Татьяна молчала. Да Титыч и не ждал от неё ответа. Снял с костра кипящую в котелке воду, бросил в неё каких-то трав, помешал их оструганной палочкой, а когда отвар настоялся, налил Татьяне в кружку.
– Попей чайку, взбодрись, а то уж заморочил тебе голову своими байками…
– Что ты, Титыч! Ты не смотри, я хоть и врач, а во всё это верю. Подумать только, сколько в этих местах загадочного! Еще про Муромский монастырь слышала…

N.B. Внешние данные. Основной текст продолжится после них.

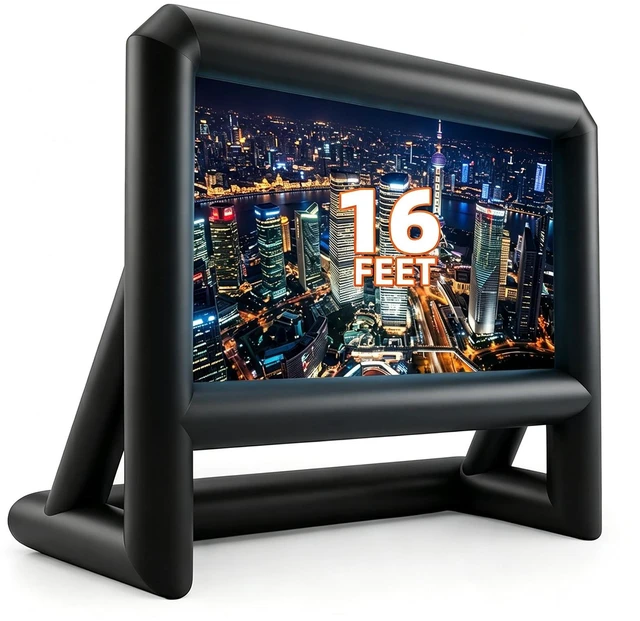 Main image of 16FT Projector Screen Outdoor, Inflatable Movie Screen with 110v Air Blower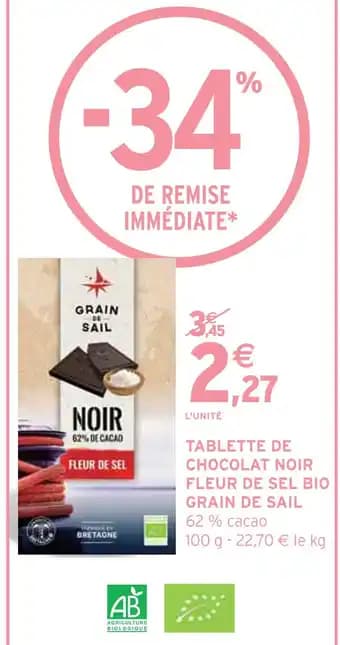 GRAIN DE SAIL Tablette de chocolat noir fleur de sel bio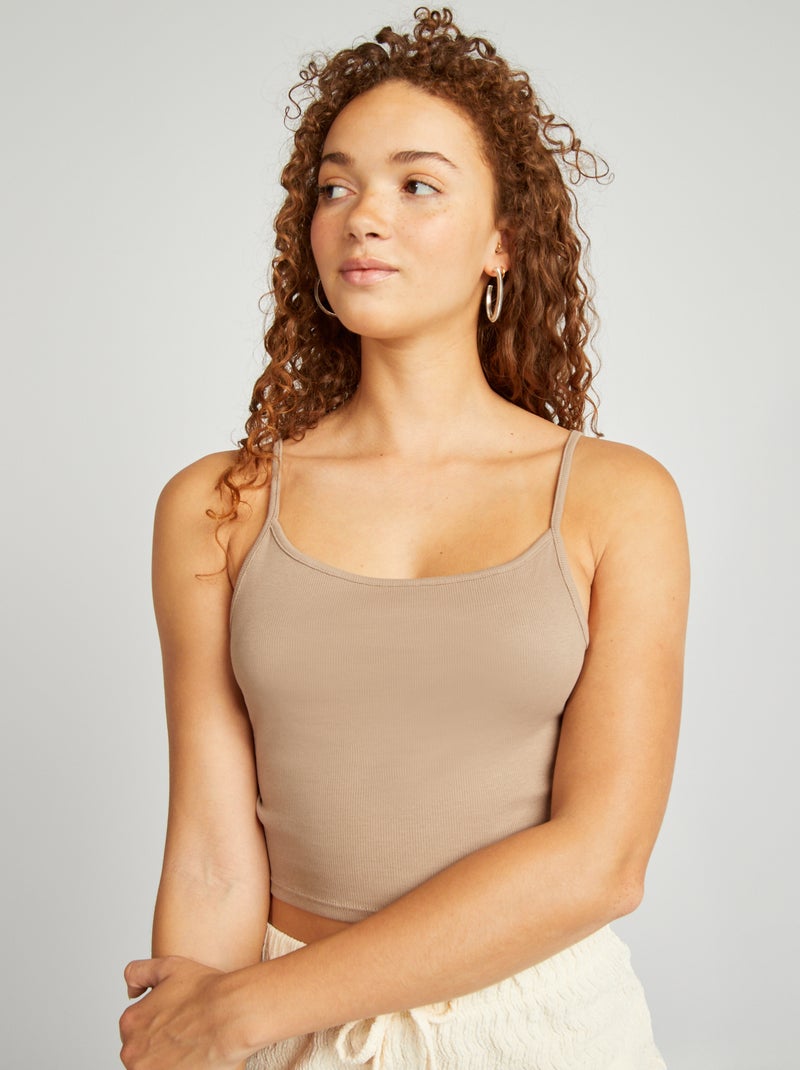 Camiseta de tirantes elástica lisa BEIGE - Kiabi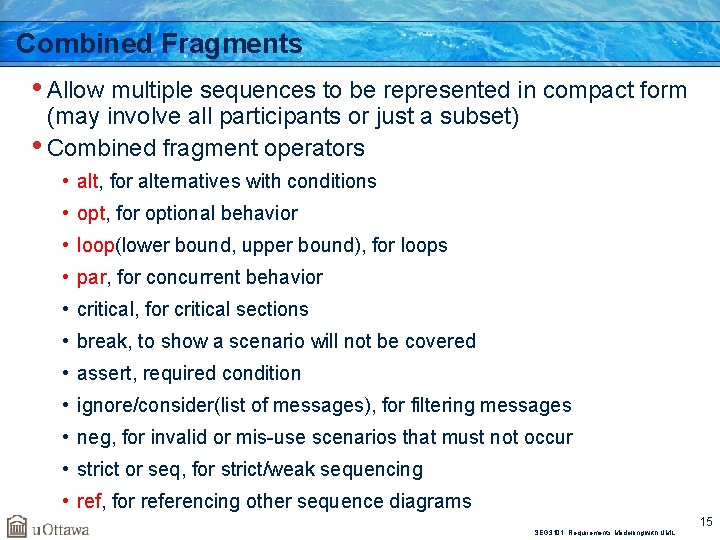 Combined Fragments • Allow multiple sequences to be represented in compact form (may involve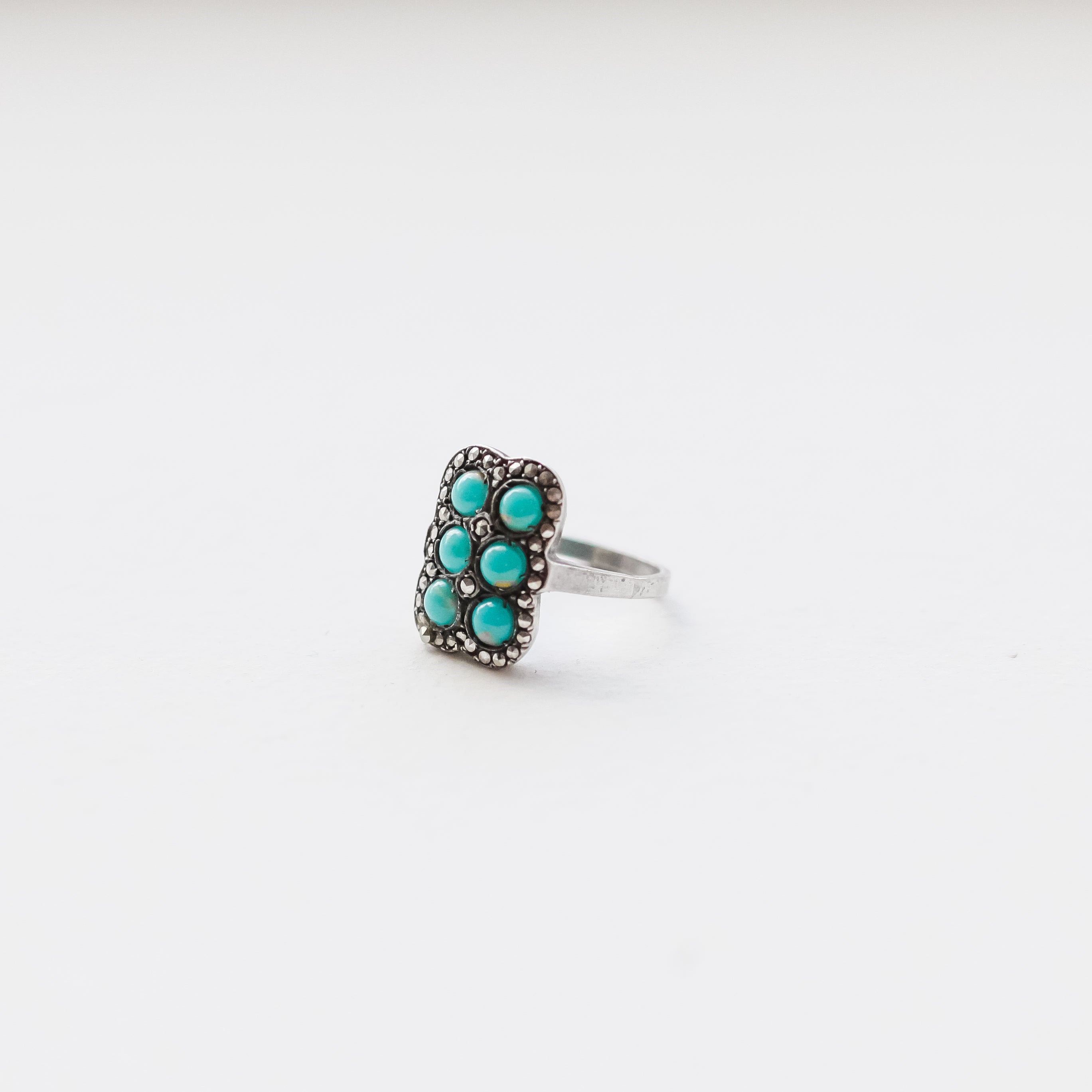 Turquoise and Marcasite Ring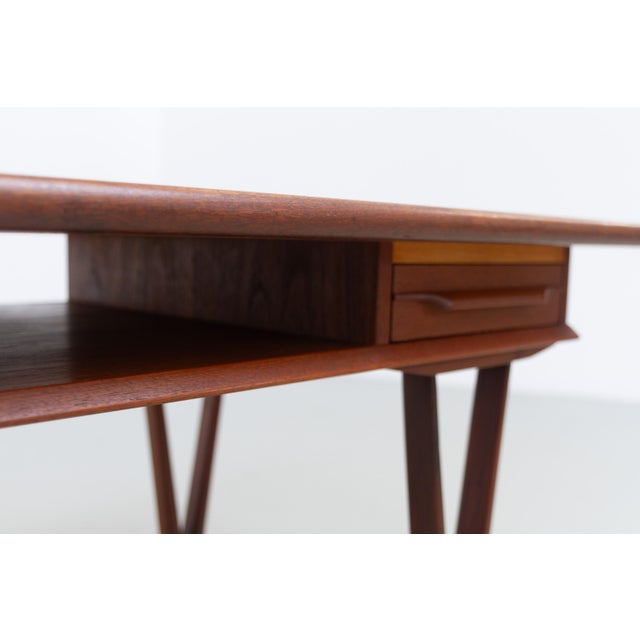 Brown Danish Modern Teak Coffee Table with Drawers and V-Legs by E. W. Bach, 1960s For Sale - Image 8 of 18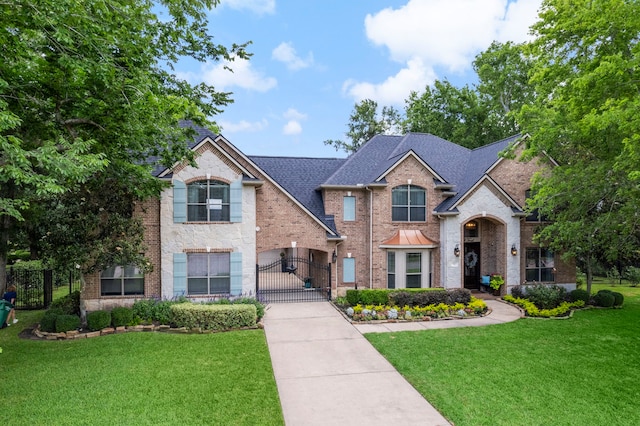 72 Tall Trl, Missouri City, TX 77459 - traditional home featuring a gate, brick siding, a front lawn, concrete driveway, and roof with shingles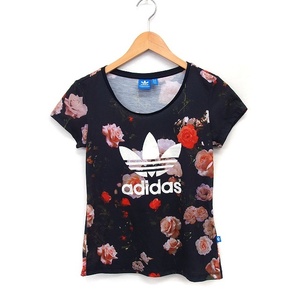 アディダス adidas 国内正規品 フラワー ロゴ プリント Tシャツ カットソー 半袖 丸首 L ブラック 黒 /FT24 レディース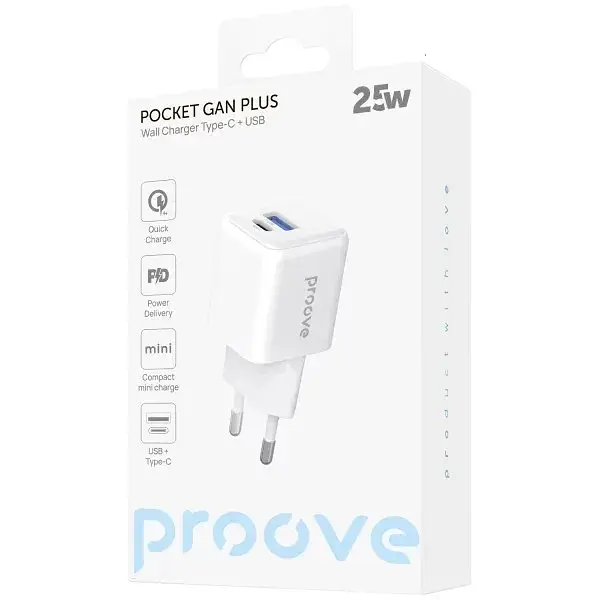 Мережевий зарядний пристрій Proove Pocket GaN Plus 25W White (WCPG25111202) - фото 5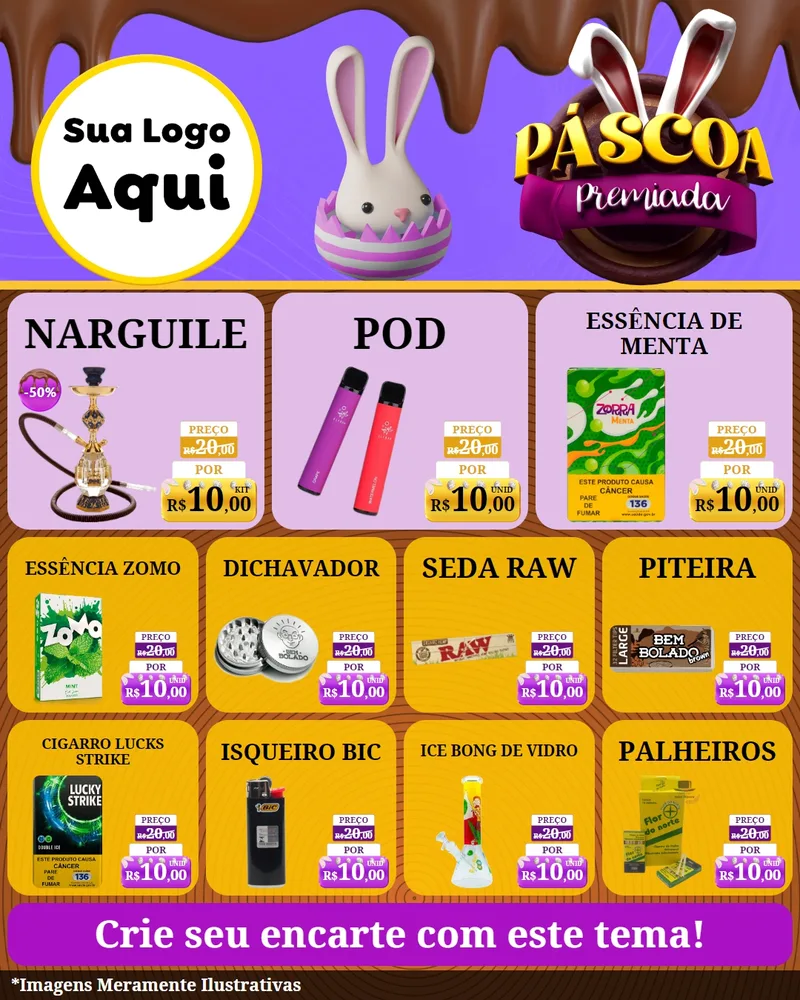 Modelo de Rede Social para Feed Instagram com o tema Páscoa Premiada para Tabacaria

– Есть такой. Недалече от бесовых следков… Свожу тебя как-нибудь туда, если хочешь. Поизгажены места святые нынче, но всё ж стоят храмы. Без окон, без дверей, без колоколов… а стоят. Упреком нам, грешным. Представь только, полтысячи лет… Каково, а?!
Хоть и слышала обо всём этом Татьяна и раньше, но сейчас воспринимала как внове. Сам голос Титыча, спокойный, ровный, как шум сосен, ласкал слух ненавязчивой умиротворяющей музыкой.
– …Основатель монастыря чудотворцем был. Прибыл он в наши места из Новгорода, по сну вещему… И прожил, сказывают, аж до ста пяти лет. Деревянная церквушка, какую он первым делом соорудил и освятил, долгое время ещё людей исцеляла…
– Скажи, дед, а в Бога ты веруешь? – Почему-то раньше этот вопрос не приходил ей в голову. – Только честно скажи, для меня это очень важно, понимаешь?
Титыч ответил не сразу, задумчиво шевелил угли в костре.
– Вера, Татьяныч, ещё никому не вредила. Крещёный я. В церкви, правда, не бываю, потому как нет у нас её… А икону в доме храню и заповеди Господни уважаю. Сама подумай: коли Творца нету, откуда тогда всё сущее взялось?
– Вот те раз, дед, а ведь никогда не говорил…
– А ты и не спрашивала. О вере, Татьяныч, на каждом углу не кричат. Это дело душевное, тонкое… За веру, Татьяныч, в былые времена люди себя живьём сжигали. Ты, поди, про «гари» староверов читала… Так ведь это всё, считай, в наших местах происходило.
Татьяна закрыла глаза, прислонилась головой к тёплому стволу старой щербатой сосны. Представить трудно, а ведь было…
В домашней библиотеке отца хранилась большая коллекция исторических книг, от которых в детстве её было не оторвать. Таинственная Выгореция представлялась ей тогда второй Атлантидой. Тем более, что Карелия на военной карте отца казалась так далеко, почти у Полярного круга. Разве могла она тогда подумать, что когда-нибудь именно сюда и забросит её шальная судьба?